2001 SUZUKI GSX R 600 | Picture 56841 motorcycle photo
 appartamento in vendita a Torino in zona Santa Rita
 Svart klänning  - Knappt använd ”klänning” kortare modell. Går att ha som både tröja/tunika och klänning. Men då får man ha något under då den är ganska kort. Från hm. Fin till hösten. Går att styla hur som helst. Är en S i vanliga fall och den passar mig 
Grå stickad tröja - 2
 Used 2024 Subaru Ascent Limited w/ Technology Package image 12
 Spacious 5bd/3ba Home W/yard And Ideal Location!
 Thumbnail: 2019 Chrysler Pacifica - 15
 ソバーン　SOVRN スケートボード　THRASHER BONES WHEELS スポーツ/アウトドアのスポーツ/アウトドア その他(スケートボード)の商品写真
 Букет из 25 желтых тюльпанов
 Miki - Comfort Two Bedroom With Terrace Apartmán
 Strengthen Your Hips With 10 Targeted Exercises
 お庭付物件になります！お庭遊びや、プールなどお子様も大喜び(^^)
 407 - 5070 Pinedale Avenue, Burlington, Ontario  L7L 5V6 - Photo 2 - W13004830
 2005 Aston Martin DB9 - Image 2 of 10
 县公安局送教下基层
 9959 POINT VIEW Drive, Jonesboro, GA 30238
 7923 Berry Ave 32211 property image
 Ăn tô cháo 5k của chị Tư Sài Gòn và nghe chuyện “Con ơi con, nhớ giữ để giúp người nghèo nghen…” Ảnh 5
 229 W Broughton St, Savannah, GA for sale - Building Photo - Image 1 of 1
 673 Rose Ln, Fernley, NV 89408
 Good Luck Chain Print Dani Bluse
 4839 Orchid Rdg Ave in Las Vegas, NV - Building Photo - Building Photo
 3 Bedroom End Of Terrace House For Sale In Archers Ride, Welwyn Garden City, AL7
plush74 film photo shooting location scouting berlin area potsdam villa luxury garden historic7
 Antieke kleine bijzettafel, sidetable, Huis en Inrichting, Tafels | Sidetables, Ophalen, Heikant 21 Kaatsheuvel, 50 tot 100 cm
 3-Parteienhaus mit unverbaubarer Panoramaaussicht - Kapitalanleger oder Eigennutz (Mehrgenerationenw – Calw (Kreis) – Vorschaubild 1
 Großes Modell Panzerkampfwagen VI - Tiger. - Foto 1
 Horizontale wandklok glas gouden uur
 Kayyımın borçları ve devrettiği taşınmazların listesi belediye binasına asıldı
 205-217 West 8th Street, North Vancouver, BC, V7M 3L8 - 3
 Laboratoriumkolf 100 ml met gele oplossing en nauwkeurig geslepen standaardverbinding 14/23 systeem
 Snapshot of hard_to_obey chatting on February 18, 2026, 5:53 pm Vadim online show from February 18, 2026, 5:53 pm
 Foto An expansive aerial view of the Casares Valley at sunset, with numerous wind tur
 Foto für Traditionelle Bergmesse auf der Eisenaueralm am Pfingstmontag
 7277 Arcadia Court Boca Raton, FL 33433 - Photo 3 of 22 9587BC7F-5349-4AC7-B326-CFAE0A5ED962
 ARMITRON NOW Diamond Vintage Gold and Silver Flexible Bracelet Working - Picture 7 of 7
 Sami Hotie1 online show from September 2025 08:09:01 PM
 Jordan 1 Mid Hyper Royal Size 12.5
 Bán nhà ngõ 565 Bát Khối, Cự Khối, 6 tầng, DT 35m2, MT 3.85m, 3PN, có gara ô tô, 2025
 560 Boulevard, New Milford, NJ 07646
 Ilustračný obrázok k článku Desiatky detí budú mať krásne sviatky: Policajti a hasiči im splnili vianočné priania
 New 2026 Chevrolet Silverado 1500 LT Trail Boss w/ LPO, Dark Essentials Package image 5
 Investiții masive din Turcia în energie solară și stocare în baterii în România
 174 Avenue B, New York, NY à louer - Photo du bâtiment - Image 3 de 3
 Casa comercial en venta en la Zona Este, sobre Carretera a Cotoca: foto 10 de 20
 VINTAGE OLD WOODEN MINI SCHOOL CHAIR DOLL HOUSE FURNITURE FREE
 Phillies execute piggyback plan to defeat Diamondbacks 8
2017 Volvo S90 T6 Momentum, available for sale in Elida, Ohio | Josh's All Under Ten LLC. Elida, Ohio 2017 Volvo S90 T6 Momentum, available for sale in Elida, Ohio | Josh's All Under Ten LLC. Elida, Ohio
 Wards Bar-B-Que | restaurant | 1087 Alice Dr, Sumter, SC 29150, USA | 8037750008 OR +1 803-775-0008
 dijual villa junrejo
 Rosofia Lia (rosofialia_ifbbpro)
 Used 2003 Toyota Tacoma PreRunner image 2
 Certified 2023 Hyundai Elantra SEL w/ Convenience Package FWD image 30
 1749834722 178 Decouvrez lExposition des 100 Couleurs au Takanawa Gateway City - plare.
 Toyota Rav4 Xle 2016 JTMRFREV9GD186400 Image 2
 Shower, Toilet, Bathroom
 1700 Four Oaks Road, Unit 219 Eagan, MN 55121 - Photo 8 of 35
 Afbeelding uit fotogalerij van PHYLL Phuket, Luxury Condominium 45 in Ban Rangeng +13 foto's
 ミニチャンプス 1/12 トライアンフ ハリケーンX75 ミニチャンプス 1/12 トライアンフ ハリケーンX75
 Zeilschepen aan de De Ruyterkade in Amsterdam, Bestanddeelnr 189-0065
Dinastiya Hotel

§ Work request: Each line in the entries above, starting at the line with "Spacious 5bd/3ba Home" and ending at the line with "4839 Orchid Rdg", is to be printed exactly, and only those lines.

§ Answer below:
 Spacious 5bd/3ba Home W/yard And Ideal Location!
 Thumbnail: 2019 Chrysler Pacifica - 15
 ソバーン　SOVRN スケートボード　THRASHER BONES WHEELS スポーツ/アウトドアのスポーツ/アウトドア その他(スケートボード)の商品写真
 Букет из 25 желтых тюльпанов
 Miki - Comfort Two Bedroom With Terrace Apartmán
 Strengthen Your Hips With 10 Targeted Exercises
 お庭付物件になります！お庭遊びや、プールなどお子様も大喜び(^^)
 407 - 5070 Pinedale Avenue, Burlington, Ontario  L7L 5V6 - Photo 2 - W13004830
 2005 Aston Martin DB9 - Image 2 of 10
 县公安局送教下基层
 9959 POINT VIEW Drive, Jonesboro, GA 30238
 7923 Berry Ave 32211 property image
 Ăn tô cháo 5k của chị Tư Sài Gòn và nghe chuyện “Con ơi con, nhớ giữ để giúp người nghèo nghen…” Ảnh 5
 229 W Broughton St, Savannah, GA for sale - Building Photo - Image 1 of 1
 673 Rose Ln, Fernley, NV 89408
 Good Luck Chain Print Dani Bluse
 4839 Orchid Rdg Ave in Las Vegas, NV - Building Photo - Building Photo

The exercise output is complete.